Invited Talk
in
Workshop: Sampling and Optimization in Discrete Space
Yoshua Bengio: GFlowNets for Bayesian Inference
Generative flow networks (GFlowNets) are generative policies trained to sample proportionally to a given reward function. If the reward function is a prior distribution times a likelihood, then the GFlowNet learns to sample from the corresponding posterior. Unlike MCMC, a GFlowNet does not suffer from the problem of mixing between modes, but like RL methods, it needs an exploratory training policy in order to discover modes.

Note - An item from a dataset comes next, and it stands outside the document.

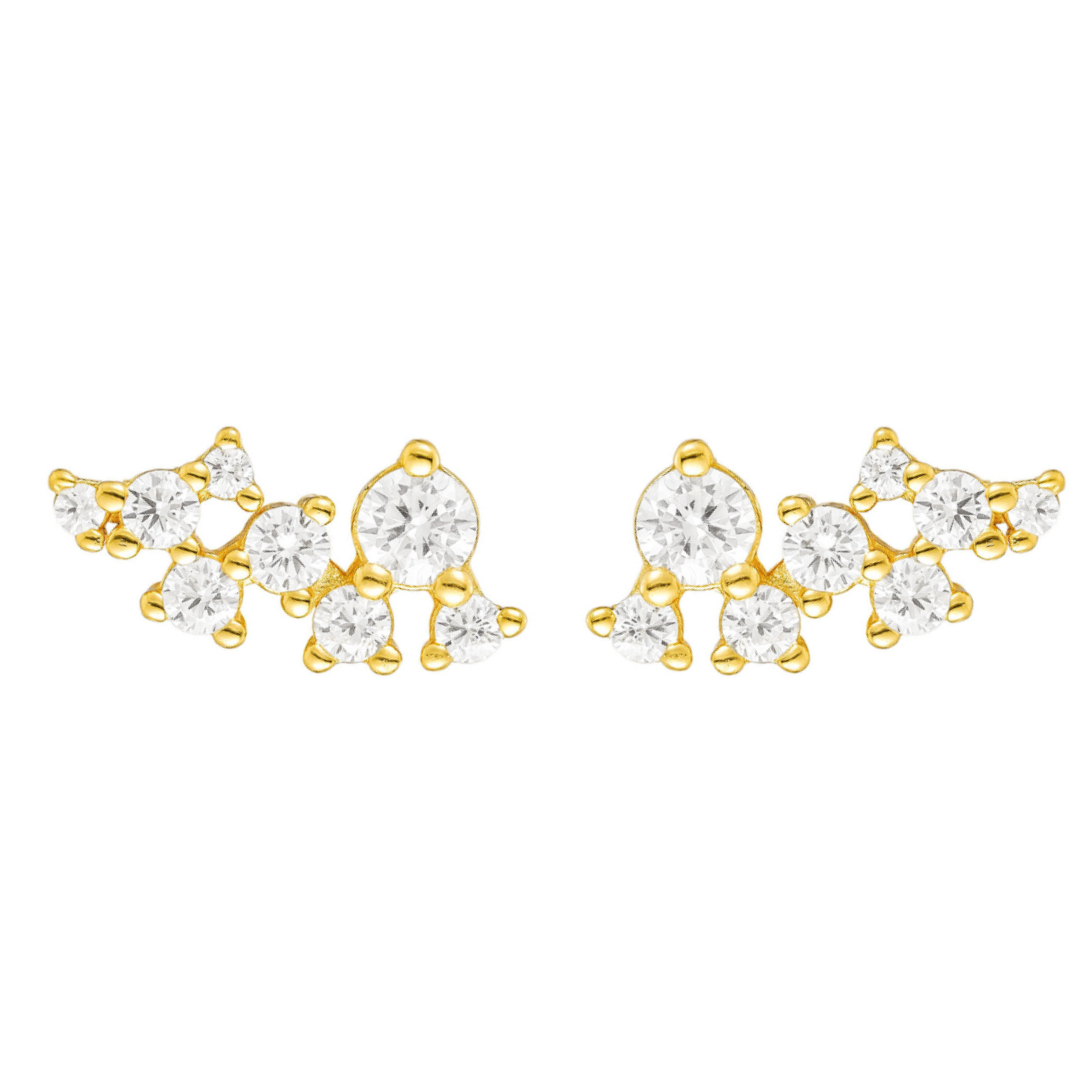 E-shop Olivie Strieborné náušnice NEŽNOSŤ GOLD 8800 Ag 925; ≤2,0 g.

This can be conveniently done without any kind of importance weighting because the training objectives for GFlowNets can all be correctly applied in an off-policy fashion without reweighting. One can view GFlowNets also as extensions of amortized variational inference with this off-policy advantage. We show how training the GFlowNet sampler also learns how to marginalize over the target distribution or part of it, at the same time as it learns to sample from it, which makes it possible to train amortized posterior predictives. Finally, we show examples of application of GFlowNets for Bayesian inference over causal graphs, discuss open problems and how scaling up such methodologies opens the door to system 2 deep learning to discover explanatory theories and form Bayesian predictors, with the approximation error asymptotically going to zero as we increase the size and training time of the neural network.